The film as a whole is so haphazardly edited together that it’s clear that considerable chunks of footage were removed. A subplot involving Nuclear Man’s infatuation with Lacy is skipped over leading to the confusing scene where he demands that Superman tell him where she is only for Superman to tell him that he’ll never find her even though his infatuation with her hasn’t been established in the final cut. We’re left asking ourselves how does Superman know who his foe is looking for?
The slow motion fight on the surface of the moon is laughable with both actors having clearly taken lessons in the Captain Kirk school of acting. This stuff is so beneath Reeve who has shown himself to be clearly capable of so much more. We are then treated to more absurdity as Nuclear Man flies Lacy into space where she is somehow immune to the freezing vacuum of that particularly inhospitable environment.
The final act briskly runs towards the film’s ultimate ham-fisted message of peace. Whilst the sentiment behind Superman’s speech to the world’s press is sound in its content, ultimately it just comes across as cheesy and forced. The ending fizzles out with none of the uplifting feel the previous films had.
I feel that I must apologise for the lack of any meaningful analysis or passion here but Superman IV isn’t the sort of film worthy of either of those things. Whilst Superman III was a flawed film, it had some great elements that saved it and certainly made it worth a watch.
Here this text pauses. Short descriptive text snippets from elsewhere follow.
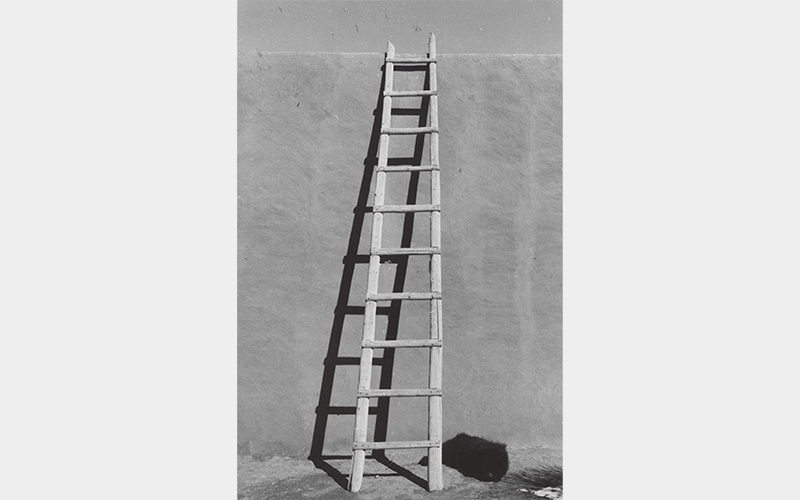 Georgia O'Keeffe (American, 1887–1986), Ladder against Studio Wall with Black Chow (Bo-Bo), 1959–60   Georgia O'Keeffe Museum, Santa Fe, 2006.6.1421 14 3/4 × 11 3/4 × 1 3/8 in. (37.5 × 29.8 × 3.5 cm) 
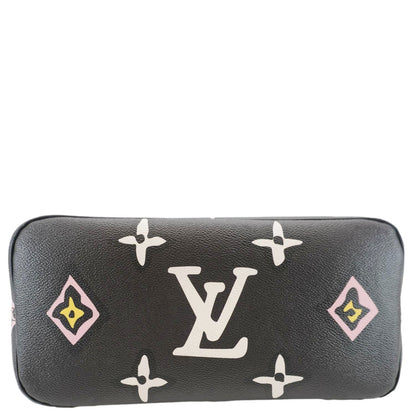 LOUIS VUITTON Neverfull MM Wild At Heart Monogram Empriente Tote Bag Black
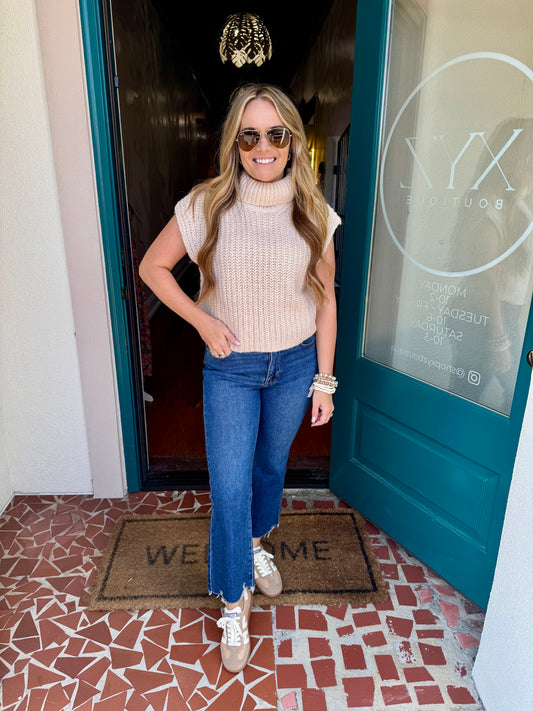 Oatmeal Monica Sleeveless Cropped Turtleneck Sweater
This pitifully low budget, shoddily made fourth film in the series has nothing on which to recommend it other than the fact that it’s so laughably poor that fans of bad films may glean some enjoyment from it. Prior to prepping for this article I hadn’t seen Superman IV for over a decade, but having enjoyed rewatching the previous films (yes, even Superman III) I was dreading having to sit through this embarrassing end to the series. Christopher Reeve’s tragic but ultimately inspiring personal story and the gift he gave us in the form of such an iconic representation of Superman is something for which he deserves our gratitude. It’s therefore so sad that Superman IV was his last on-screen appearance as the character that would define his career and for the damage it did the series I can’t recommend it in any way.
I hope you’ve enjoyed this retrospective series on the Christopher Reeve Superman films. The character has re-appeared on both the small and big screens played by numerous actors since but for many fans, this one included, it will always be Reeve that truly owns the role. I can’t think of any other role where an actor has so perfectly encapsulated the qualities of a comic book character and translated them so well to the screen. Reeve is sadly missed but his on-screen legacy is preserved for all time and the strength and courage that he exhibited in his own life proved that he really was a superhero in every sense of the word.